Myers greatly enjoyed her time at SCCC and the TRiO office.
“It was very rewarding,” Myers said. “I thoroughly enjoyed it. I got to see students wanting to further their careers and education and our program helped them do that. I found it a very worthwhile job.”
Student Support Services is a federally funded grant program designed to help students succeed. SSS provides 160 students with services geared towards ensuring that they not only graduate from Seward, but are prepared to continue their education at a four-year institution. The TRiO-SSS staff works in collaboration with other staff, faculty, and administrators to provide a solid foundation of support.
Myers graduated from Dodge City Community College in 1973 with an associate in business, went on to get a bachelor’s in teaching in 1993 and master’s in educational administration in 1998, both at Fort Hays State.
The satisfaction that she gets from her time at SCCC are the returning students.
“Just seeing students come back in and say, ‘I’m glad you helped me’ or “I’m glad you pushed me even though I didn’t want to.’ Seeing them walk across the stage when they graduated. They’re all good memories.”
Since her time at TRiO, Myers worked with Alex Widener and watched her develop. Widener has worked in TRiO as secretary, program coordinator, advisor and – eventually as Myer’s successor – director.
“(One of my proudest moments) was handing the baton to Alex,” Myers said. “I kind of pushed her along and tutored her the whole time I was here so I could get her ready for (the director’s position) and she just transitioned right into that. That makes me feel good.”
In general, Myers believed that she has kept the department on the right track.

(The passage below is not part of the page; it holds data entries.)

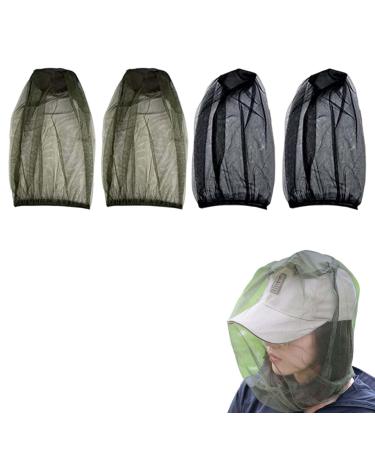 Dinghaole 4 PCS Midge Head Net Nylon Mosquito Head Protecting Net for Outdoor Hiking Camping - Fine Mesh Insect Netting - Face Neck Netting Cover Black and Green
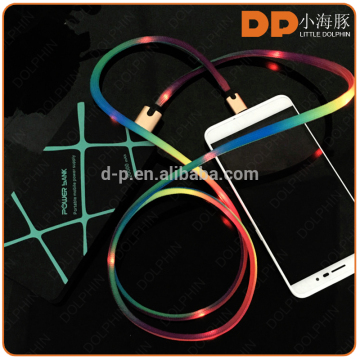 novelty gift high quality type C usb cable led charger and data transfer cable for cell phone custom logo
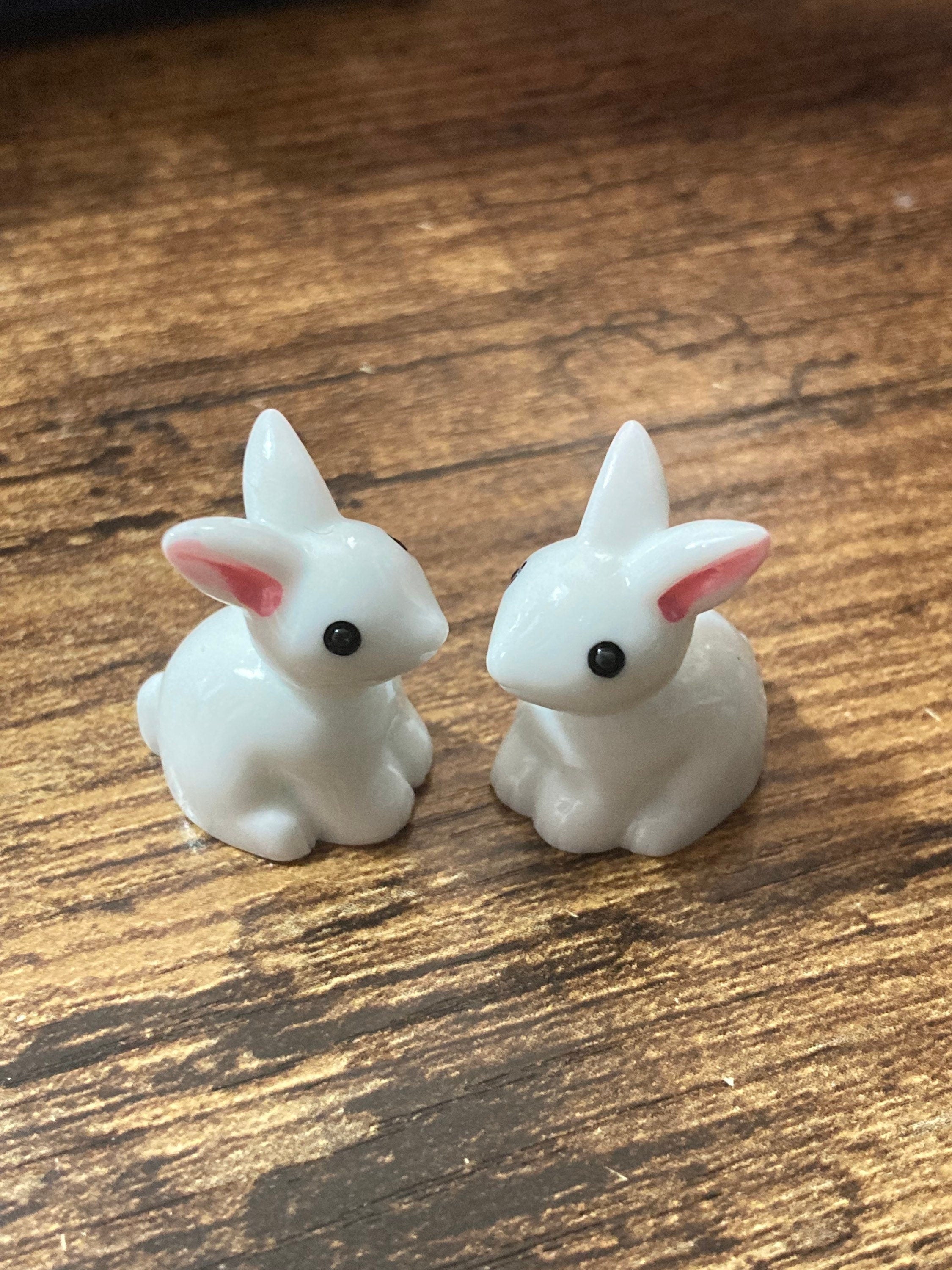 2 x sitting miniature bunny rabbit plastic cake toppers pink white fairy garden decorations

“(I made) sure the grant was successful and that we maintained our number of students we were supposed to each year,” she said. “Just to keep building on what previous people had done and I feel that we accomplished all that.”
While she is leaving to help her parents, she will also be pursing her passion and that is to make quilts.
“I also intend finish my dream of opening up a quilt shop – long-arm quilting,” Myers said. Long-arm quilting is when you take the quilt tops that people have made and finish them by putting a design on them.
But don’t think that she’s giving up the education side by pursuing her dream.
“And (quilting) will involve some teaching as well,” Myers said. “I hope to give lessons on quilting.”